Durante mucho tiempo estuvo colgada en la pared de su despacho, montada en un sencillo marco de madera, la instantánea de un recién nacido. Al calce, en máquina, ostentaba la siguiente leyenda: “Se llama Manuel, porque gracias a usted pudo nacer. Mi compañero y yo le estaremos eternamente agradecidos. ‘N´ y ‘N´, revolucionarios…”
Don Manuel fue un patriota que creía que la grandeza de un país se construye de diversas maneras. Por ello defendió a exiliados políticos, incluso contra funcionarios del gobierno mexicano. Son historias que poco a poco se irán conociendo.
Los compromisos a medias no existen. Se es profesional o se es mediocre. Y si en muchas profesiones el único peligro que acarrea el éxito es una eventual indigestión después de algún homenaje, llegar a ser el columnista político más influyente del país conlleva otro tipo de riesgos. Riesgos mortales.
Don Manuel recibió amenazas telefónicas y escritas en diversos momentos. Un grupo extremista llegó incluso a mancillar las puertas de su domicilio privado con propaganda fascista. No se puede poner en letras de molde, en los diarios de mayor circulación, el nombre del jefe de la estación de la CIA en México, o el juramento secreto del más secretero, más fanático y más violento grupúsculo de una organización ultraderechista como los tecos, o el teléfono y dirección de un traficante internacional de armas, o las cifras –monto, reparto, números de cuentas bancarias, folios del registro público de la propiedad– de la corrupción de la industria petrolera, o los negocios privados de funcionarios públicos, o los enjuagues del clero político, sin incurrir en graves malquereres.
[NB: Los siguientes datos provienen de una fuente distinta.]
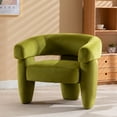 thumbnail image 3 of JURANYAZHU Modern Barrel Accent Chair Round Armchair,Velvet fabric,for Bedrooms Living Rooms Study Rooms Balconies,Green, 3 of 8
Cuando algunos amigos expresamos temores por la seguridad de don Manuel, él respondió: “Tengo miedo yo también, desde luego. Sólo los imbéciles no conocen el miedo. Pero no por eso voy a dejar de escribir”.
Y escribir fue lo que hizo. Dando siempre la cara. Asumiendo serenamente las responsabilidades que impone el ejercicio periodístico. El asesino lo localizó fácilmente, pues don Manuel nunca se ocultó.
Si hay un tiempo para pasar y un tiempo para vivir, resulta que lo pasado cabe en una nuez y lo vivido no se puede medir.
¿En las hojas de cuál calendario cabría toda la intensidad de un tiempo que se vuelve sobre sí mismo y se enriquece en su propia sustancia?
Los recuerdos no se pueden deshojar uno a uno cuando son hijos de un acontecer intenso y vehemente en donde todos los espacios fueron copados por el afecto. Son criaturas que se multiplican y entrelazan unas con las otras, imposibles de aislar, palpitantes y dolorosas en su existir sin tiempo, presentes e inaprehensibles a la vez, dulces y amargas, exigentes hasta dejarnos exhaustos, adoloridos, ahítos de sentir que el recuerdo es más de lo que podemos soportar y al mismo tiempo lo único que podemos tener.
Doblan las campanas, pues. Doblan por don Manuel. Pero también doblan por nosotros. Por todo el tiempo, por toda la amistad, por todo el amor, por todas las cosas que se quedaron pendientes.